Volvemos con el resto y la comida ya la han servido, por lo cual comenzamos a comer.

-¿Qué ha pasado en el baño para que vengáis con cara de haber chupado un limón?- pregunta Guille divertido.

-Estábamos besándonos y ha llegado Mar- explico con indiferencia y enfado a la vez.

-¿Que estábais qué?- pregunta el gemelo menor tragando costosamente.

-Besándonos- repito- ¿Es que estás sordo o algo?

-No, no, lo he escuchado perfectamente, simpática- escupe sarcástico y se levanta ruidosamente- Voy al baño.

-Adiós- exclamo con una sonrisa- Tírate a la rubia amargada de camino.

Me dedica una sonrisa falsa y arrogante y camina hasta el baño con el teléfono.

-Está celoso- exclama Guille divertido- Es muy gracioso verlo así.
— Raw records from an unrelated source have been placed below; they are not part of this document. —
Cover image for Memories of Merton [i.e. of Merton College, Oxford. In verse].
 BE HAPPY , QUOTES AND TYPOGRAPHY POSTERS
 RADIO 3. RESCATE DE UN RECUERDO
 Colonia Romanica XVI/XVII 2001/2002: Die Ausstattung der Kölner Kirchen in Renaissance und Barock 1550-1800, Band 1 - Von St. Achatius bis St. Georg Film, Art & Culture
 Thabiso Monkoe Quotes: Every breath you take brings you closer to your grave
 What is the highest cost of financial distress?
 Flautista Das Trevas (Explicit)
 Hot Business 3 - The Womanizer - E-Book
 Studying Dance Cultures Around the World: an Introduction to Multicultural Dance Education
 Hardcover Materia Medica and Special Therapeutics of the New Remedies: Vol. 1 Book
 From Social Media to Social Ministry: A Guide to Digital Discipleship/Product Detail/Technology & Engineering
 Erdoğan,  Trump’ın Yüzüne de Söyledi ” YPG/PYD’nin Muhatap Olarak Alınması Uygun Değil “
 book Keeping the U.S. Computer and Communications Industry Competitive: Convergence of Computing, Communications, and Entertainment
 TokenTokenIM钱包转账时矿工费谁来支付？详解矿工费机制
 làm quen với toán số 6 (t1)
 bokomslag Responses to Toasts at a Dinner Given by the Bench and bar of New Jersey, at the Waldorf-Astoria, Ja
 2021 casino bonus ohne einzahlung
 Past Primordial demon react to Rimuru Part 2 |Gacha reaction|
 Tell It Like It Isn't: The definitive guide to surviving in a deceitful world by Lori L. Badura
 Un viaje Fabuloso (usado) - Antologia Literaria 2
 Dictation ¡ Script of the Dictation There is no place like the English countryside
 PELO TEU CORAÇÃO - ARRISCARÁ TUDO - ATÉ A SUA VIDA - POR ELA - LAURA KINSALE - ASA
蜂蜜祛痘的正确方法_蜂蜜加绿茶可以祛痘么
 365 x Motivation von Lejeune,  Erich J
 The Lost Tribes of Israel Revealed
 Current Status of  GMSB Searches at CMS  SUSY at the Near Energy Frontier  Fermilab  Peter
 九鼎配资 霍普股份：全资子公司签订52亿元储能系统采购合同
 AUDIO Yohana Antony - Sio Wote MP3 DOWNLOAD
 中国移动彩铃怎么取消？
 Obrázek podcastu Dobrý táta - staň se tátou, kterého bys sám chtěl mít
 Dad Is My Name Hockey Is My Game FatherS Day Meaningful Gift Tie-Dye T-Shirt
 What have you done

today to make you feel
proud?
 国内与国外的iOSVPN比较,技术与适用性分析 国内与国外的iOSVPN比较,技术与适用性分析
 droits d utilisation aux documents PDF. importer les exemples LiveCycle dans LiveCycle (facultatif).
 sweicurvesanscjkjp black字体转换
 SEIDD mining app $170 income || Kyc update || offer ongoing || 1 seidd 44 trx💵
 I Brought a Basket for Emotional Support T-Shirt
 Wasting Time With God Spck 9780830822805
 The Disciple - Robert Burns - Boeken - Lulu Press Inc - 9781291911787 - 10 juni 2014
-No es gracioso- niega Jules obvia- Es para mearse.

-Ala, que fina, hija- se queja Celia- Eres más fina que el coral.

-Somos de Sevilla, ¿qué esperas?- replico- Eres tú la que es demasiado fina aquí.

-Mar es más fina que yo- se defiende.

-Tía, es de Barcelona, ¿qué coño quieres?

-En cambio, tú eres de Málaga- finaliza Jules.

Chocamos nuestras manos con sincronización.

-Sois unas psicópatas conectadas cósmicamente- bromea dramatizando Jesús.

-¿Cósmico no era Doraemon?- pregunta la mayor quedándose pensativa.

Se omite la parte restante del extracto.